For information that is public but generally difficult to collect or presented in a complex way (e.g software documentation), users often rely on a company, or contributors for web2.0 platforms, to summarize and repackage the information in a user-friendly way. In that case, the intermediary is highly exposed to AI disruption. Industry-specific data providers, including providers of private financial information, often have this profile and seem under threat in the short term unless they integrate AI themselves.
Historically, these data providers have been very good candidates for LBOs as they had visible revenues (SaaS) and a very sticky customer-base with limited price sensitivity. It is not surprising that so many of these firms have been acquired by Private Equity funds in the past few years, financed with significant debt stacks when base rates were close to zero. Base rates and economic slowdown alone would affect equity value materially. But a Stack Overflow-type disruption could wipe it out entirely, and even eat into the debt. If you are interested in the intersection between business/finance and AI, keep an eye on this space.
Self deep-faking
Intuitively, training a model to build a digital version of yourself and making it available to the public seems a very bad idea.

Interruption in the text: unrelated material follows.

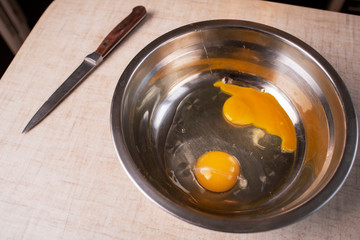 Egg in a glass bowl and egg shells on wooden table. Baking ingredients, top view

The issue is that you can’t prevent users from making the AI-you do or say anything as it is easy to force generative AI models to return information you specifically designed them not to. Grimes has been one of the first artists to allow anyone to use her voice to create AI music, but she subsequently backtracked slightly after realizing horrendous words that could be put in her mouth. She did nonetheless push through with the idea and launched a platform to help users mimic her voice.
Not everyone is afraid of deepfakes that could go horribly wrong, and some see it as a business opportunity. Caryn Marjorie, a Snapchat personality, recently launched a pay-as-you-go AI-girlfriend service for $1/minute. She claimed to have trained the model on hours of videos of herself. We will not try the product (sorry) so we will never be able to tell if all this was just a PR stunt (which is likely). But she claims to have made over $70k in a week with, reportedly, 1000 beta testers.
This means that each beta tester spent on average 70 minutes interacting with the bot. Noone knows if these 70 minutes were spread over 7 sessions of 10 minutes or if it was typically just one hour-long session. It would make a big difference because, if it turns out that users can engage extensively with an AI girlfriend, it would be a good enough proof of concept for another industry that has been so instrumental to tech innovation historically: Porn.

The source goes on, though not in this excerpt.